The Iraq Project for Genocide Prevention mourns the discovery of the remains of hundreds of indigenous students identified the past month at former residential education facilities for indigenous children in Canada. These discoveries further confirm the genocide facilitated by the American and Canadian governments against these populations. The presence of unacknowledged mass graves of children across the settler colonial societies of North America underscores that boarding schools were part of a larger genocidal process that is not adequately captured by the term “cultural genocide.”
The site of the Kamloops school, the grounds where the first group of bodies were found, is only one example of many such facilities that were in operation beginning in the late 19th century and primarily run by religious institutions. According to the New York Times, there may be as many as 30,000 missing indigenous children in similar graves across Canada. The IPG therefore calls for an immediate commitment to official investigations of boarding school grounds in the U.S. and Canada if there is ever to be a hope of comprehending the full degree of damage inflicted upon the indigenous communities of these lands by these countries’ governments.
Indigenous children were forced to attend these schools, even though this often meant taking them away from their family and communities. Many children were kidnapped by state authorities. The students were forbidden from speaking Indigenous languages or practicing Indigenous cultural practices; such prohibitions are characteristic of genocide. Torture, abuse, and sexualized violence were rampant.
The Canadian Truth and Reconciliation Commission, sponsored by the Canadian government, found in 2015 that the system was indeed a “form of cultural genocide”. The commission called for an apology by the Vatican for the part played by the Roman Catholic Church in these institutions. While acknowledging the suffering caused, Pope Francis has not gone as far as to issue a formal apology, despite former students’ testimony that priests had fathered infants with some of the indigenous students, according to New York Times reporting.
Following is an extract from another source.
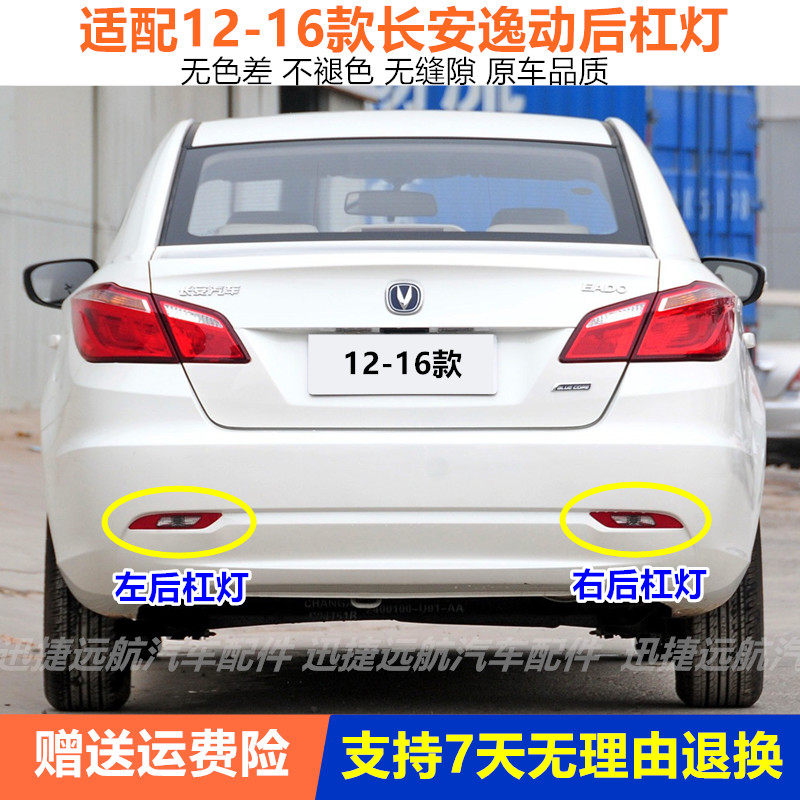 适配长安逸动后雾灯总成16-17款新逸动后杠灯左右后保险杠尾灯罩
We join the Commission in urging Pope Francis to recognize and answer for the role the Church had in carrying out and perpetuating this genocide against the Indigenous people during this period. This acknowledgement may lend itself to a healing process for those who lived through such experiences and will help to legitimize their feelings surrounding it. It would also set the stage for restorative justice processes that center indigenous voices.
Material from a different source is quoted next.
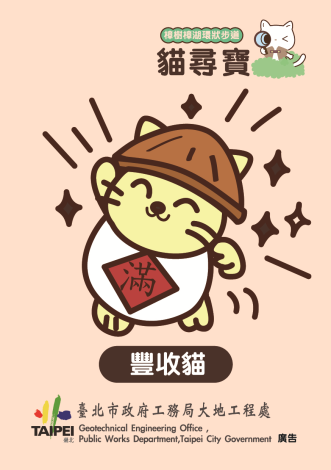 貓貓家族－豐收貓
The Iraq Project for Genocide Prevention further calls on Canadian Prime Minister Justin Trudeau, as well as US President Joe Biden, to call for formal investigations into the matter on their own soil. While the Federal Indian Boarding School Initiative announced this past week by U.S. Secretary of Interior, Deb Haaland, is a good first step in this direction, we ask the Biden administration to support this initiative by making available all necessary resources of the federal government, and by calling for an expansion of this initiative to encompass a full truth and reconciliation process in the United States. The evidence coming to light requires investigation and therefore merits creation of a new commission to formally investigate what happened and what additional crimes were committed against the Indigenous people, in both the United States as well as Canada.
Only in recognizing the wrongs that were committed in the past, can any group, government, or society, hope for a better future. Genocide, regardless of form, must be addressed as early and consistently as possible in order to ensure that violent genocidal structures are dismantled. This instance of genocide is no exception.